I don't enjoy quoting Winston Peters, but the only poll that counts is the one on election day.
But if you must, the poll of polls puts some useful averaging lines on a much bigger data set. https://en.wikipedia.org/wiki/Opinion_polling_for_the_2026_New_Zealand_…
It's a few months, and I can't help but wonder what chaotic world events are going to inflict upon us, that government is going to get blamed for, or what sorts of dodgy/inept/plain old stupid political behaviour is going to emerge.
It feels very much like the last election. 6 months out it was fairly close but was trending right. By the time of the election it was a landslide.
Hard to know how long National will let this trend continue before they do the switcheroo
The trend lines in the link you gave show that ACT and Greens voters don't shift much as percentages, whereas the percentages of voter support for the other parties move quite a lot over time.

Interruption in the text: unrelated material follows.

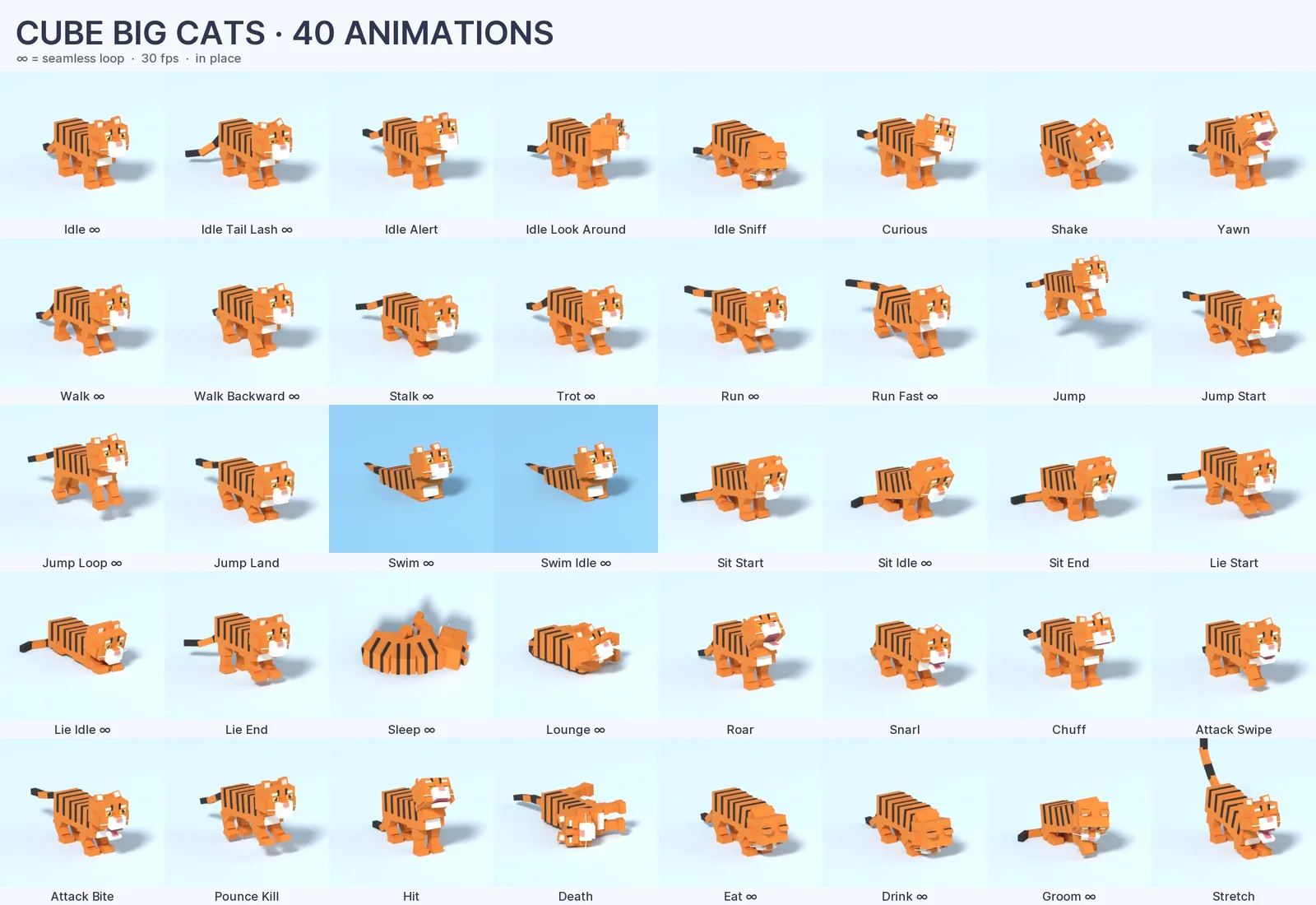 40 animations each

Agree Luxon is not National collectively but he is a symptom of what they currently represent, so the party if it wants to win the next election needs to act fast. My guess is they will be butchered in the next general election because of unfolding international events and prior to these teetering support evidenced in NZ polls. New Zealanders need someone else to blame as it's much easier than make short term financially self punishing personal decisions, so for many of those with disposable income choices available adjusting their own attitudes and behaviour will be well down their list of priorities as for actions to reduce GHG warming. Astute forward looking people are likely to increasingly invest in technology that gives them some resilience and protection against coming energy and transport fuel shocks.
When we train ourselves to think in terms of who’s up, who’s down, who’s in, who’s out, we lose the capacity to think structurally, to think of the broader system that matters so much. We lose the ability to ask what a creative, coalition-aware opposition strategy would actually look like. We let everyone off the hook. National waits out the storm. Labour watches the numbers without building anything. Minor parties stay in permanent limbo. The media refreshes the leadership drama. Nobody has to do the harder work of imagining what change requires because the poll cycle keeps supplying a simpler story.
Beautifully said and completely accurate. Most people (even "smart" commentators on this site) still think in these terms, to the detriment of the whole country.